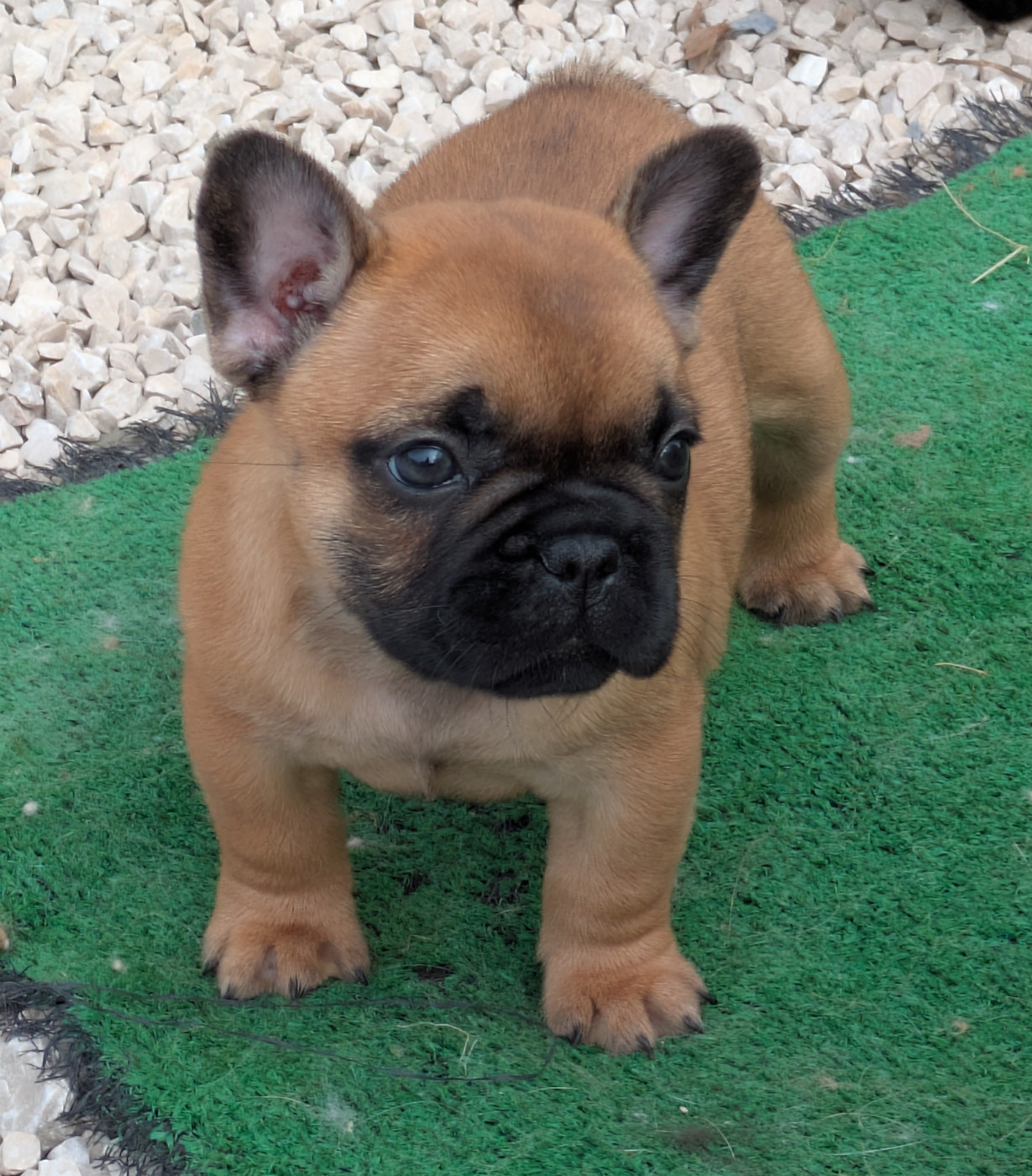du clan des Boulapat - Chiots disponibles - Bouledogue français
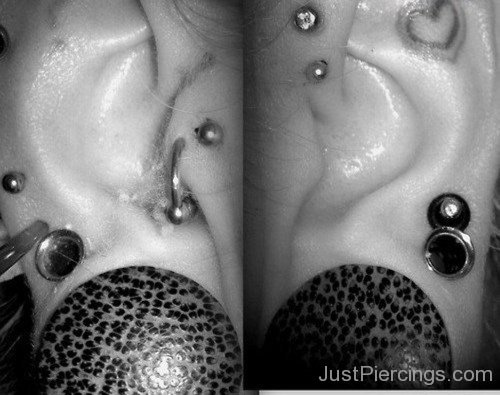 Anti Helix,Helix,Lobe Piercing and Heart Tattoo-Jp111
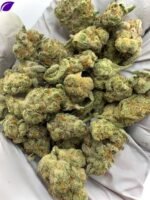 Grapes and Cream THCa Flower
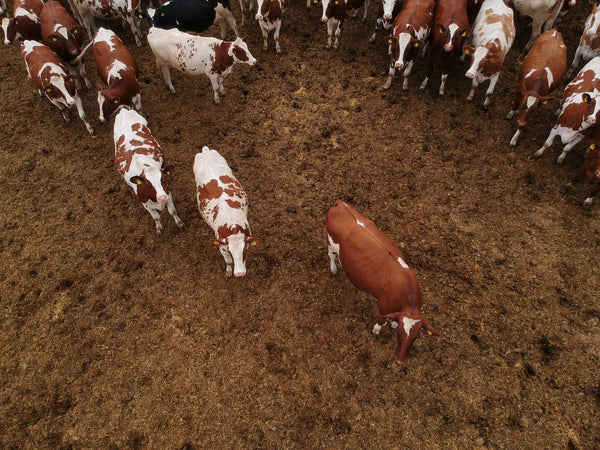 Grain-Fed Beef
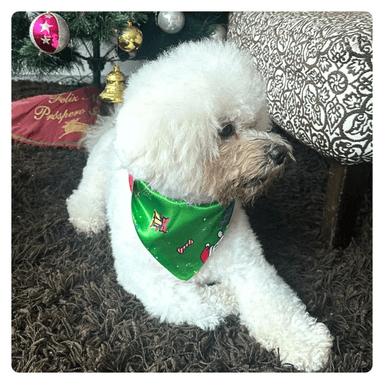 PACK 2 BANDANAS PERRO GATO NAVIDEÑOS Y AÑO NUEVO TALLA 3 Y 4 EL BAUL DE OTTO STORE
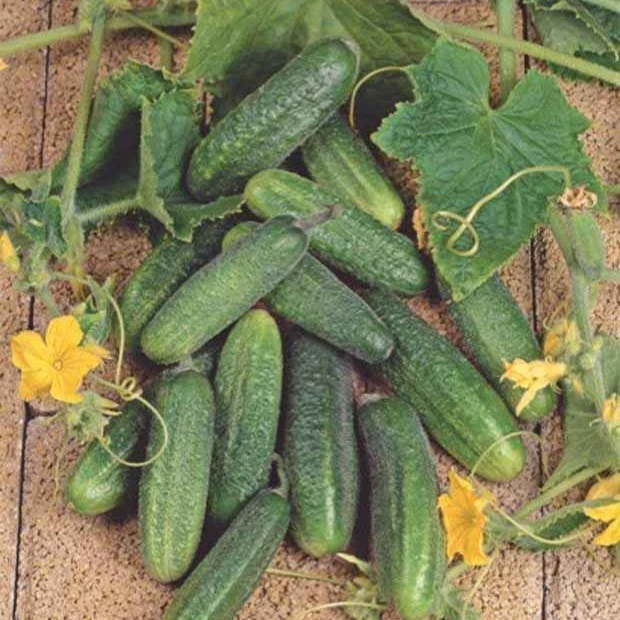 Einlegegurke ‘Hokus’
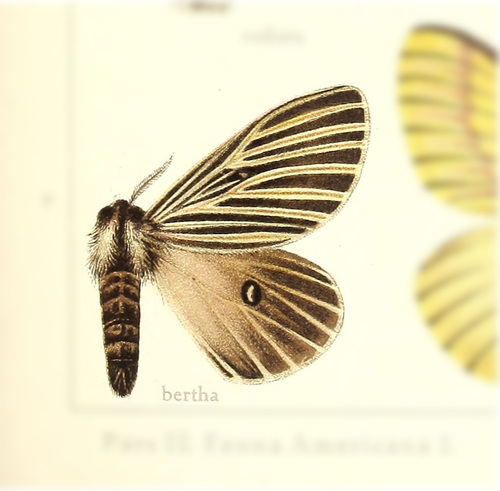 Eubergioides bertha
-*-
• **How to complete this task**:
Reproduce the material exactly; omit the pictures.

• **Solution for this task**:
du clan des Boulapat - Chiots disponibles - Bouledogue français
 Anti Helix,Helix,Lobe Piercing and Heart Tattoo-Jp111
 Grapes and Cream THCa Flower
 Grain-Fed Beef
 PACK 2 BANDANAS PERRO GATO NAVIDEÑOS Y AÑO NUEVO TALLA 3 Y 4 EL BAUL DE OTTO STORE
 Einlegegurke ‘Hokus’
 Eubergioides bertha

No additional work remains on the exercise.